An angler fights a fish from the bank on the Olympic Peninsula.
Image: John McMillan/TU

We share the Quileute Tribe’s concern and commend their voluntary actions to support our ailing wild steelhead runs. We too believe we need a collective, coast-wide effort to recover depleted stocks of wild winter steelhead. That can only happen if we work together. As Chairman Woodroof Jr. says in his opinion editorial, “We must come together” so that we have fish for “the next seven generations.” 

We are all in this together, steelhead anglers and advocates of all stripes, creeds, and cultures. Blaming other stakeholders won’t help our wild steelhead stocks to rebuild. Cooperation and tactical short-term sacrifice, where needed, will. 

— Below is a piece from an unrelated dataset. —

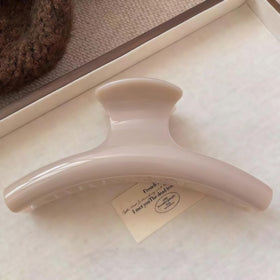 Hydigoo close-up of 18 rounded teeth detail demonstrating gentle non-slip grip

Given the appallingly low wild steelhead returns so far this year, on the OP and elsewhere in the Pacific Northwest, we can be grateful that we have had any steelhead season at all this winter. But the data make it very clear: It’s time for a serious commitment to restoring wild steelhead runs. If we want to be able to fish for and harvest wild steelhead in the future, we need a sustained, collective effort. It won’t be easy. But neither is steelheading, which is, after all, a big part of the reason why we love these fish, and the magical places they call home.